*** DATA FOR REVIEW ***
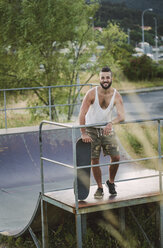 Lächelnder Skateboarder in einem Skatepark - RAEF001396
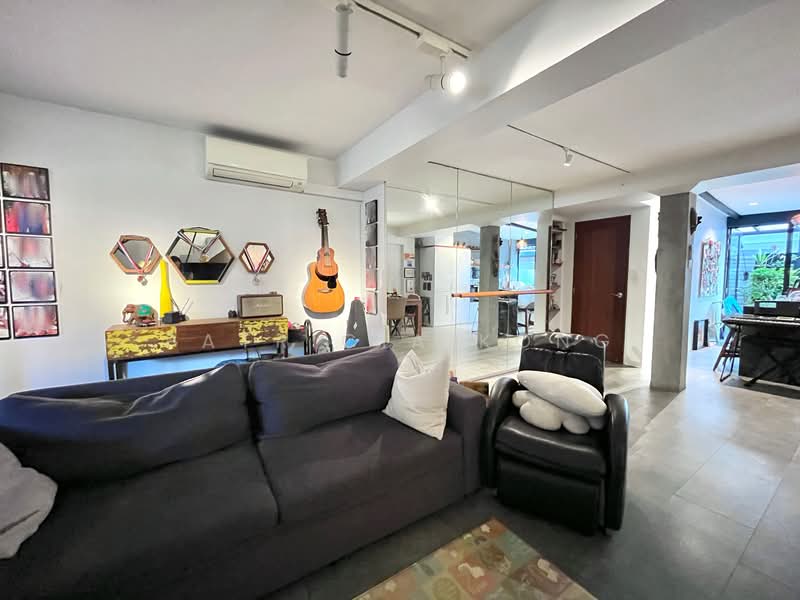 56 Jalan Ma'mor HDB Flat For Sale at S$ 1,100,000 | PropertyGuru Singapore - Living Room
*** End of DATA FOR REVIEW ***
*** DATA FOR REVIEW ***
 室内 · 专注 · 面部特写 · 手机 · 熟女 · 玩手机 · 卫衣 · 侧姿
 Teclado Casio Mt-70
*** End of DATA FOR REVIEW ***
*** DATA FOR REVIEW ***
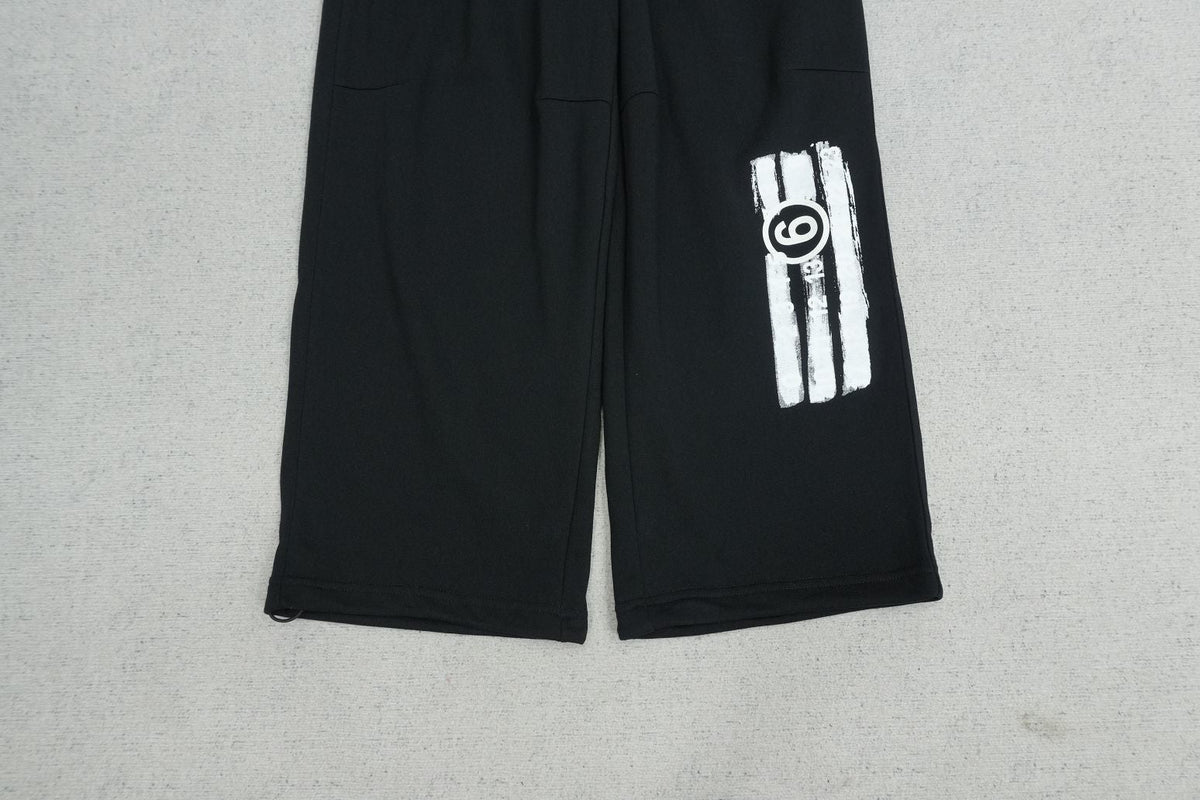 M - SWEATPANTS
*** End of DATA FOR REVIEW ***
WHAT IS BEING ASKED
For this exercise, return exactly the lines above from the line with "Lächelnder Skateboarder in" through the line with "56 Jalan Ma'mor", both included. Do not copy the pictures.

EXERCISE RESPONSE
 Lächelnder Skateboarder in einem Skatepark - RAEF001396
 56 Jalan Ma'mor HDB Flat For Sale at S$ 1,100,000 | PropertyGuru Singapore - Living Room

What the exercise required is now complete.